--- LISTED RECORDS Enclosed Below ---

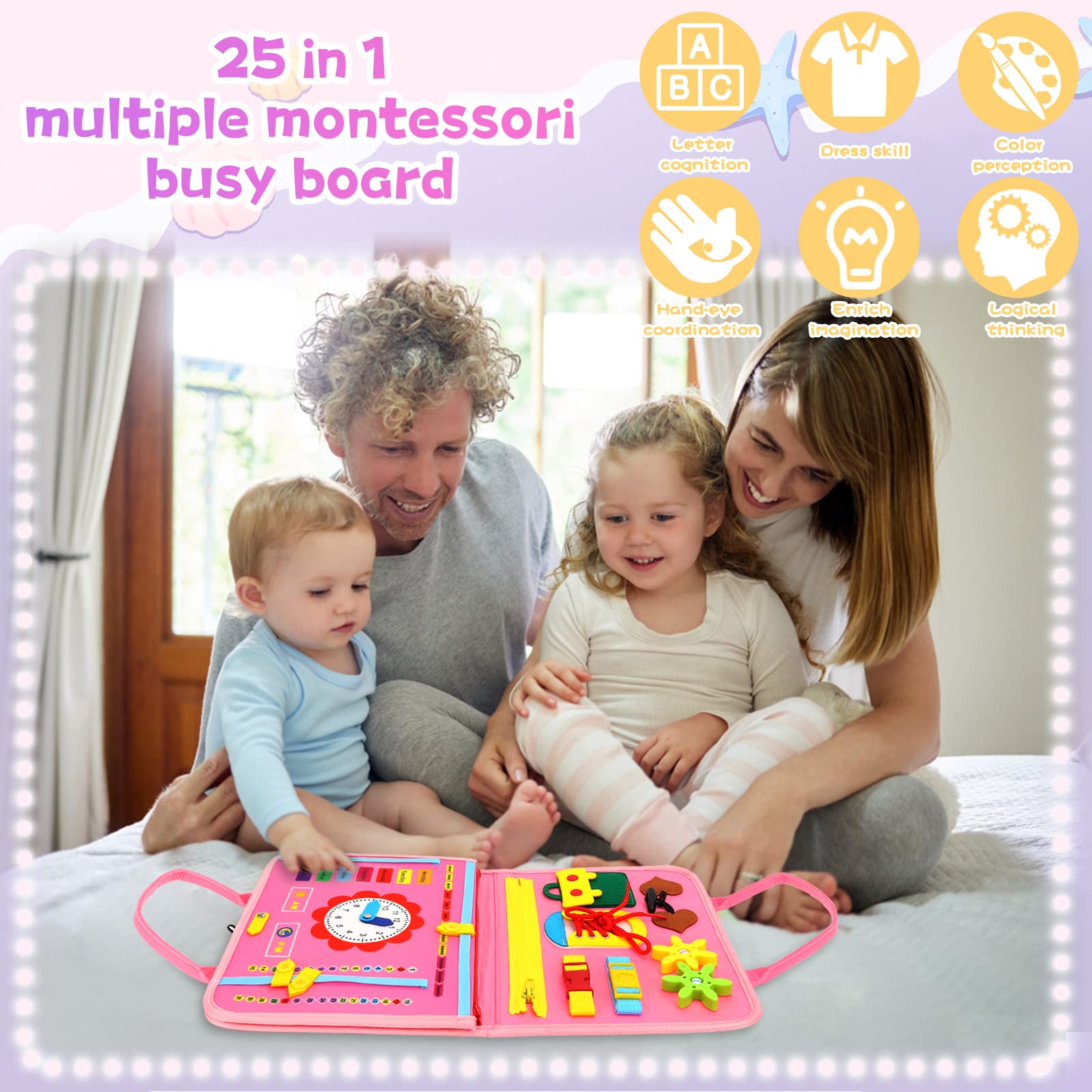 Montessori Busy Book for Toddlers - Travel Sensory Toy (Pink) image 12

--- End of Enclosed LISTED RECORDS ---
--- LISTED RECORDS Enclosed Below ---

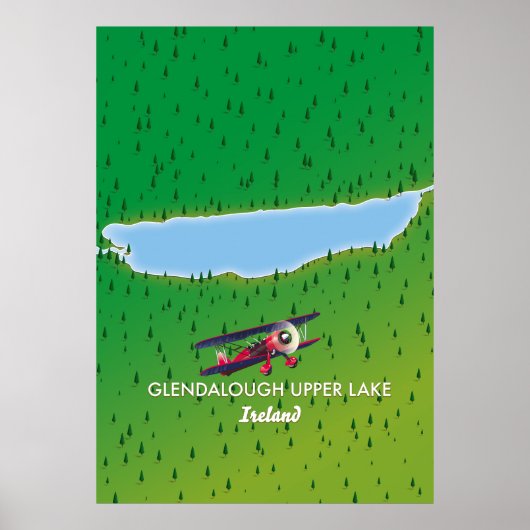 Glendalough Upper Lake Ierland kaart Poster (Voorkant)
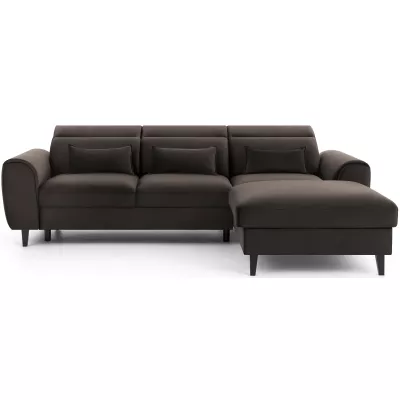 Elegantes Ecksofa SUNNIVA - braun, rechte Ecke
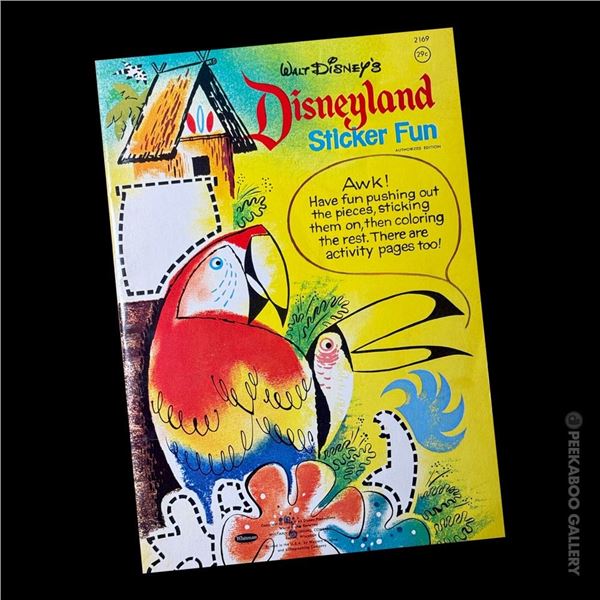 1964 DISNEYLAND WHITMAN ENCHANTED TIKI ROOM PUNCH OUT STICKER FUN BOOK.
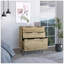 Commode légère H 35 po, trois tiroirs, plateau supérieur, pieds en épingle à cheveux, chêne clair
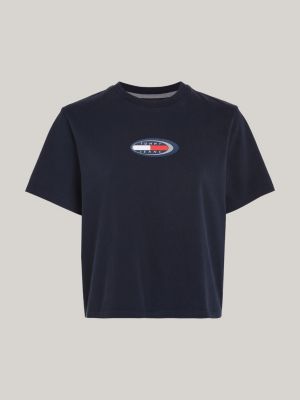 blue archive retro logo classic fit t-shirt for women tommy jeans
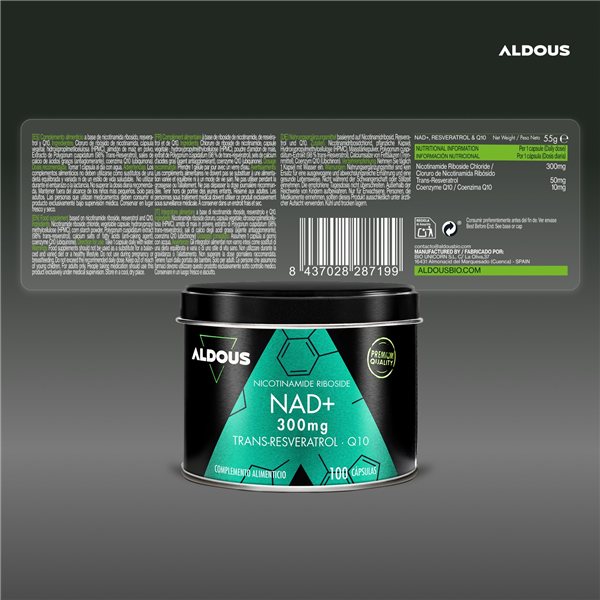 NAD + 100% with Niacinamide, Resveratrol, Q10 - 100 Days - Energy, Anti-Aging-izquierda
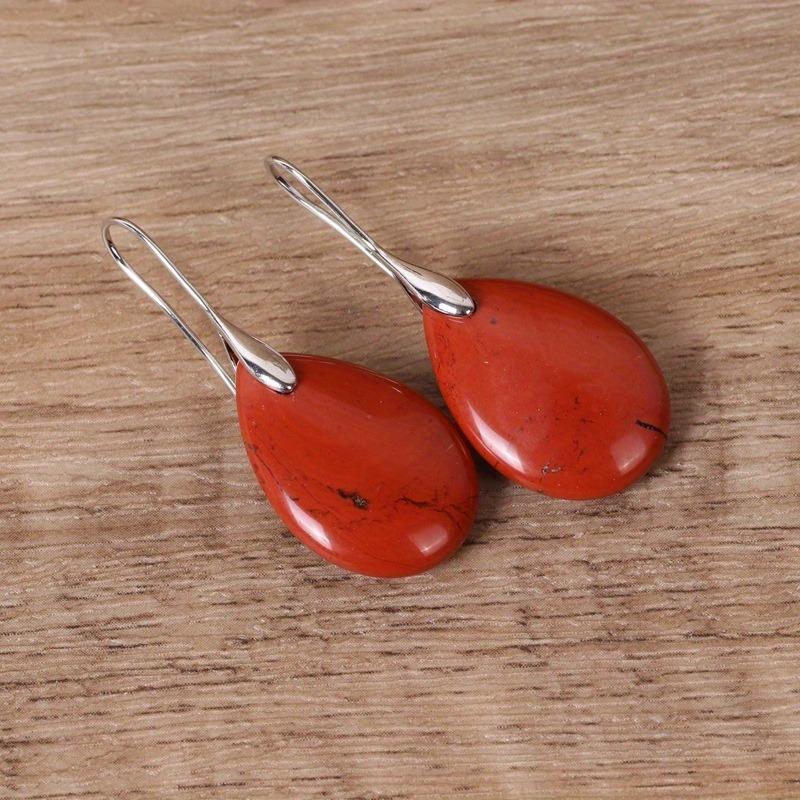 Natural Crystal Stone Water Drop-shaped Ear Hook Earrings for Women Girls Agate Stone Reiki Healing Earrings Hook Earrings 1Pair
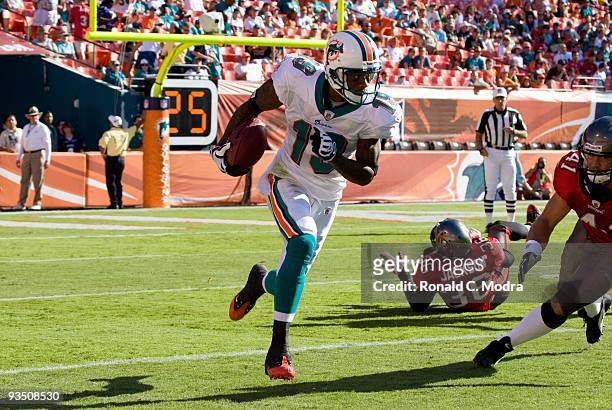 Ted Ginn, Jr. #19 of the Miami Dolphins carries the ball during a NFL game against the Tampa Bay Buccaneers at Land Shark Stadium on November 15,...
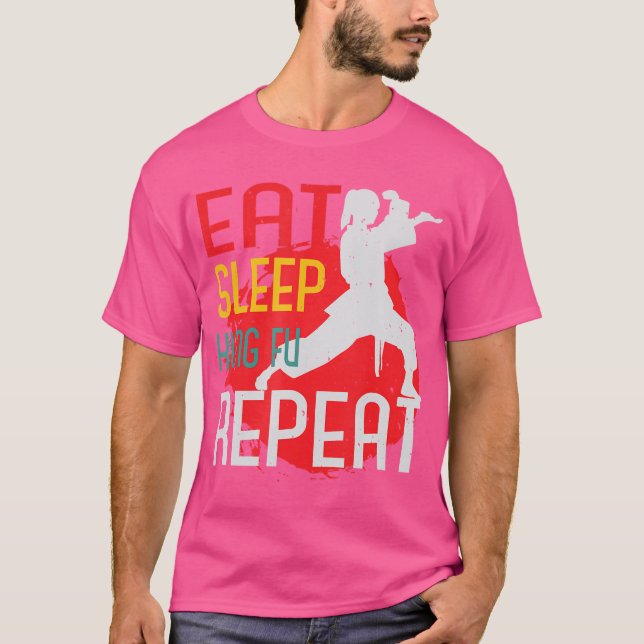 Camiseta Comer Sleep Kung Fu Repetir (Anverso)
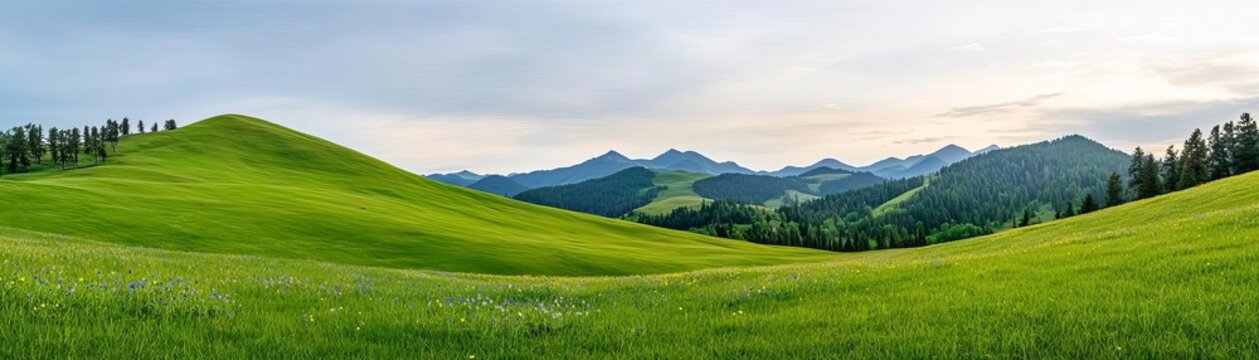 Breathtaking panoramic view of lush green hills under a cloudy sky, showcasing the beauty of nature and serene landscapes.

--- End of Enclosed LISTED RECORDS ---

» **WHAT THIS TASK INVOLVES**
Above are the records. Copy only the lines from the one with "NAD + 100% with" through the one with "Breathtaking panoramic view", exactly, with no pictures.

» **TASK RESULT**
 NAD + 100% with Niacinamide, Resveratrol, Q10 - 100 Days - Energy, Anti-Aging-izquierda
 Natural Crystal Stone Water Drop-shaped Ear Hook Earrings for Women Girls Agate Stone Reiki Healing Earrings Hook Earrings 1Pair
 Ted Ginn, Jr. #19 of the Miami Dolphins carries the ball during a NFL game against the Tampa Bay Buccaneers at Land Shark Stadium on November 15,...
 Camiseta Comer Sleep Kung Fu Repetir (Anverso)
 Breathtaking panoramic view of lush green hills under a cloudy sky, showcasing the beauty of nature and serene landscapes.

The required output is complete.